Las manifestaciones del nacionalismo
tienen una fuerza plástica innegable. Están hechas para mostrar la unidad pero
también para atemorizar. En cada bandera hay inequívocamente un “nosaltres”
frente a los otros, los traidores, los tibios, los botiflers, los colonialistas
a los que se busca amedrentar, como los simios se dan fuertes golpes en el
pecho para marcar su territorio que no debe ser invadido. Cada bandera es un grito
de lucha y unidad frente a lo que está fuera o traidoramente dentro. Un
espectador descreído ve en esta liturgia nacionalista una plasmación de un
inconsciente colectivo falto de fe en sí mismo y que sobreactúa para
convencerse profundamente de su fuerza.
Las playas o plazas llenas de cruces
amarillas fue otra representación que tenía una intención claramente orgullosa
frente a la agresión exterior. Pero el símbolo de la cruz es claramente de raíz
religiosa como toda expresión nacionalista y romántica. A mí, personalmente me
divertía ver centenares de cruces amarillas en las playas más significativas
del litoral catalán. Igual que ver la Cataluña interior, lejos de esa Tabarnia
odiada, universalmente llena de banderas, carteles sobre los mártires y los
considerados presos políticos; cubierta de lazos amarillos, multiplicados por
millares y millares en un ejercicio de redundancia extrema porque no es
suficiente afirmar la verdad una vez sino repetirla billones de veces, y así
hombres y mujeres se pasaban noches enteras cubriendo Cataluña de lazos y
banderas en cada montaña, en cada castillo, en cada rotonda, en cada plaza, en
cada balcón… La reiteración es una regla que subraya esa pulsión que nunca se
fatiga, que nunca se calma, que no cesa…
A mí me admira profundamente porque
soy un escéptico respecto a casi todo. Pertenecer a la “umma” tiene que ser conmovedor,
tiene que dar sentido a la propia vida, de hecho tan pequeña y destinada a la
muerte. Uno es diminuto, pero cuando ve su breve entidad unida a la de centenares
de miles, de millones de seres también necesitados de calor, uno presiente que
hay un hondo sentimiento de trascendencia de claras matrices religiosas.

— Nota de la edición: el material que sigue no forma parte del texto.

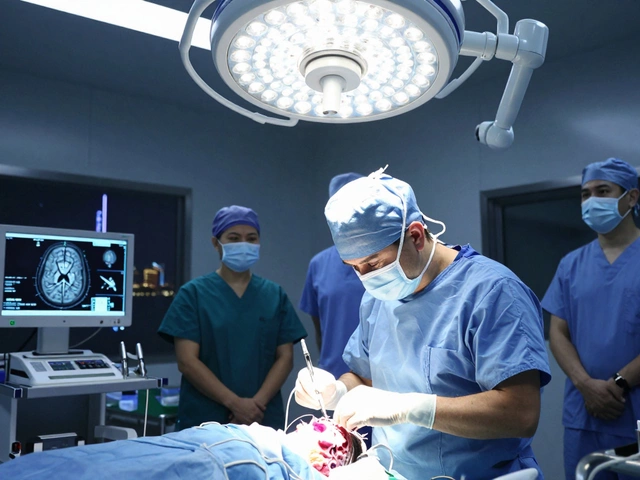 What Is the Highest Paid Doctor? Salaries, Specialties, and Where They Work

Y si
no, ahí está el obispo de Solsona con sus arengas y sus hojas parroquiales que
concitan la admiración del orbe nacionalista. Pertenecer a la nación significa
no estar solo, esa soledad tan destructiva y amarga. Y esa pertenencia a la
Patria, a un equipo, a una cosmovisión, a un algo que está más allá de lo
racional es algo consolador. Se tiene claro quién se es frente a la turbiedad y
oscuridad de la existencia. El compañero de al lado, que viste igual que tú, ha
venido de otro punto de Cataluña y te hermanas con él en un sentimiento de
cadena, de masa, de pueblo pacífico unido en una fe sin Dios. La llama nos une
y no hay fuerza exterior que lo pueda quebrar…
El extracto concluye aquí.